- What to work on: In this exercise, print only the lines of the records below from the one with "Adventurer Setting Up" through the one with "Fox Watercolour Painting", inclusive. Pictures are not part of the copy.

- Provided records:
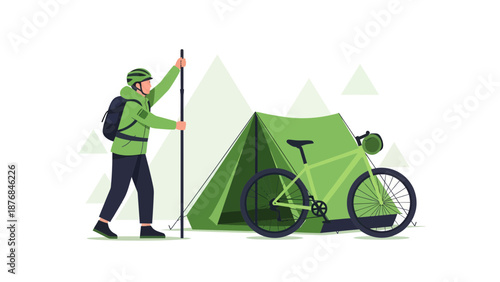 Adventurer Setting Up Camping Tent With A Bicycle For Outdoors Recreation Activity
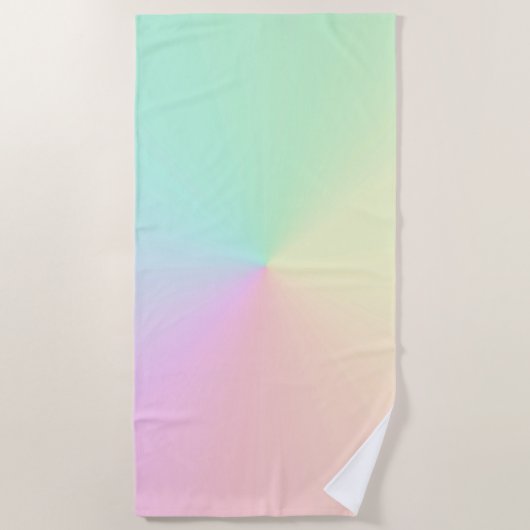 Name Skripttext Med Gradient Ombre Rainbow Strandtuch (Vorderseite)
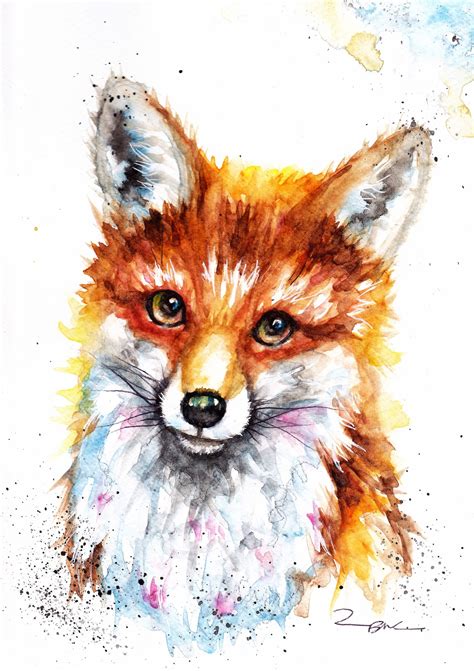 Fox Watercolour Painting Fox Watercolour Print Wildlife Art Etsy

--

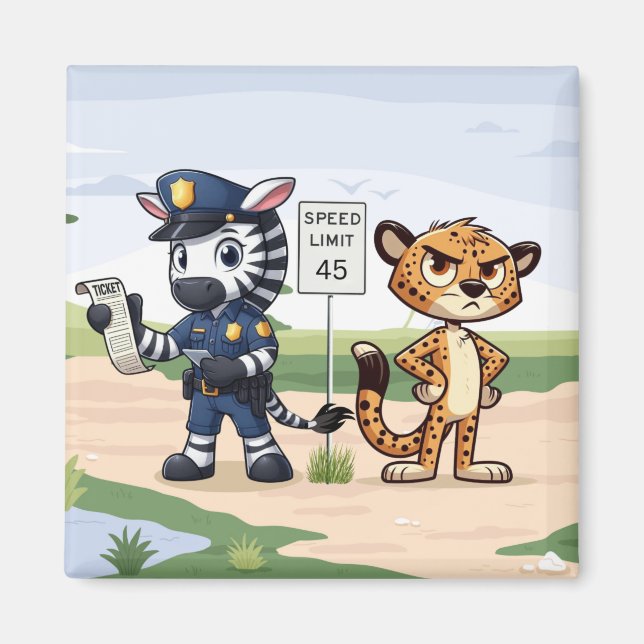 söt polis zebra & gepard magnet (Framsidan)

--

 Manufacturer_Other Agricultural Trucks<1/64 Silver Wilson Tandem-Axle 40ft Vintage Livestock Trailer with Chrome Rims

- Answer section:
 Adventurer Setting Up Camping Tent With A Bicycle For Outdoors Recreation Activity
 Name Skripttext Med Gradient Ombre Rainbow Strandtuch (Vorderseite)
 Fox Watercolour Painting Fox Watercolour Print Wildlife Art Etsy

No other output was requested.